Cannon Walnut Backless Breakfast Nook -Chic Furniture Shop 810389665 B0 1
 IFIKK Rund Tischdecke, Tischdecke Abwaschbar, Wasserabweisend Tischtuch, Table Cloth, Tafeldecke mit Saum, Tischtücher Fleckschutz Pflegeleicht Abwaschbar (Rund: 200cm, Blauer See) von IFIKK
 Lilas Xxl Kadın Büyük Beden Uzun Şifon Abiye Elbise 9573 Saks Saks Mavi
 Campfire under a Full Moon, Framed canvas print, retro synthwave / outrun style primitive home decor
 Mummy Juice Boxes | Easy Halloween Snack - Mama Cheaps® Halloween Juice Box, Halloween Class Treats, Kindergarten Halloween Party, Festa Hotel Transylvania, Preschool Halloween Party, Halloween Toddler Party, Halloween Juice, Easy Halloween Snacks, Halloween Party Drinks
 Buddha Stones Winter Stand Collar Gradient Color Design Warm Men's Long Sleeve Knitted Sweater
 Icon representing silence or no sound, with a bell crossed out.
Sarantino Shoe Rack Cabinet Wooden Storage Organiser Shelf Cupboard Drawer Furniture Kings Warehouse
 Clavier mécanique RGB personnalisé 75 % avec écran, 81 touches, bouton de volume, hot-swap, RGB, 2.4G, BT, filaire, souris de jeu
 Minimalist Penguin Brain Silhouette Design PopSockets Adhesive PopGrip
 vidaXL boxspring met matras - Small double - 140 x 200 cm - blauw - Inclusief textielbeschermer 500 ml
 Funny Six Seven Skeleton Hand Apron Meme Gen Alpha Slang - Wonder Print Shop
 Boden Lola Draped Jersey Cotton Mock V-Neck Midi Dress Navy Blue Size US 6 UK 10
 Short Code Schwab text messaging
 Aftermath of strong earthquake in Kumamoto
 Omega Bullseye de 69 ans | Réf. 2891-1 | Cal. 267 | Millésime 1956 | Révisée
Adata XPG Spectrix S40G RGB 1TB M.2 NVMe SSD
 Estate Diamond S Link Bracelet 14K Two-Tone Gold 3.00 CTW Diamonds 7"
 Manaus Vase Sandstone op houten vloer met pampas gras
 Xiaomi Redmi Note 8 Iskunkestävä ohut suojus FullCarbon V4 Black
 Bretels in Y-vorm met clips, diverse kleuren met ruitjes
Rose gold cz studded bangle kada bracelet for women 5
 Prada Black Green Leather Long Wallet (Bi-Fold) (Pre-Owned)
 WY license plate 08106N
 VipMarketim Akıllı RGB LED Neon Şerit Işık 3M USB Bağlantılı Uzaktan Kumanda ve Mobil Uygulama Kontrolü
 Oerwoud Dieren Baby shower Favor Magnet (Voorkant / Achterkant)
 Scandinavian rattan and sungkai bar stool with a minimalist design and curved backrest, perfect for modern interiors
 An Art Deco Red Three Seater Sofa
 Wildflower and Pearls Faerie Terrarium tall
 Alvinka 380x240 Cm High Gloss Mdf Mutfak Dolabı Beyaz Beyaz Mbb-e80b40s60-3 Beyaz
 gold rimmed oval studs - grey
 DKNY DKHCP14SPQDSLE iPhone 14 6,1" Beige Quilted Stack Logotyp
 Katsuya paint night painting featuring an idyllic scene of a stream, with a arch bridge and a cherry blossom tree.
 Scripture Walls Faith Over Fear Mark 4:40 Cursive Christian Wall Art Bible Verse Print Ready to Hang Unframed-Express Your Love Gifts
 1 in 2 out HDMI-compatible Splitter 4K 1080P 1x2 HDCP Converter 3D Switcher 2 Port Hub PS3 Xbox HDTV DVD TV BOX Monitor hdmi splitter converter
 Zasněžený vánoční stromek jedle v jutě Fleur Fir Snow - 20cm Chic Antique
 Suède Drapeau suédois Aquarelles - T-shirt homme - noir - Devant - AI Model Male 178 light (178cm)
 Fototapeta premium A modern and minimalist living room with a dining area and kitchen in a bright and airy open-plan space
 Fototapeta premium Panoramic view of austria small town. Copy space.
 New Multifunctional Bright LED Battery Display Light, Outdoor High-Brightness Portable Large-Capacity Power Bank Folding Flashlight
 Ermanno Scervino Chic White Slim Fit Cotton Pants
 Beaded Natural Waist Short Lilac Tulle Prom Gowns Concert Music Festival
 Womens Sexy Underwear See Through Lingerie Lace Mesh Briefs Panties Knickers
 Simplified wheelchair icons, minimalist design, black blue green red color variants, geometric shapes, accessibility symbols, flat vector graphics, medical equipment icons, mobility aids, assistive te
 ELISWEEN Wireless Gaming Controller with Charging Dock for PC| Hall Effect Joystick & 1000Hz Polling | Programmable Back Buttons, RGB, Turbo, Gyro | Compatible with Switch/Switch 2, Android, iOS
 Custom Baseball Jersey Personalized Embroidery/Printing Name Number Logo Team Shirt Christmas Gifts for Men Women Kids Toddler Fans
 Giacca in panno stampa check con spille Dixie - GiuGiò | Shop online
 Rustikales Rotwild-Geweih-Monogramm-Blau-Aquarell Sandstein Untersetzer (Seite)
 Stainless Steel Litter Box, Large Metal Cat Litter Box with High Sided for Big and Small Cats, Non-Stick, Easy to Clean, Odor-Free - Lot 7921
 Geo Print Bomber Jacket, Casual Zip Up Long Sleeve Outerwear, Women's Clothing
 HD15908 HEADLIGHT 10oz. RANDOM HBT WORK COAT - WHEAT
--*--
Print each line, starting with the one that contains "Giacca in panno" and ending with the last line of the data, exactly as it stands and with no other lines.

■ **TASK OUTPUT**
 Giacca in panno stampa check con spille Dixie - GiuGiò | Shop online
 Rustikales Rotwild-Geweih-Monogramm-Blau-Aquarell Sandstein Untersetzer (Seite)
 Stainless Steel Litter Box, Large Metal Cat Litter Box with High Sided for Big and Small Cats, Non-Stick, Easy to Clean, Odor-Free - Lot 7921
 Geo Print Bomber Jacket, Casual Zip Up Long Sleeve Outerwear, Women's Clothing
 HD15908 HEADLIGHT 10oz. RANDOM HBT WORK COAT - WHEAT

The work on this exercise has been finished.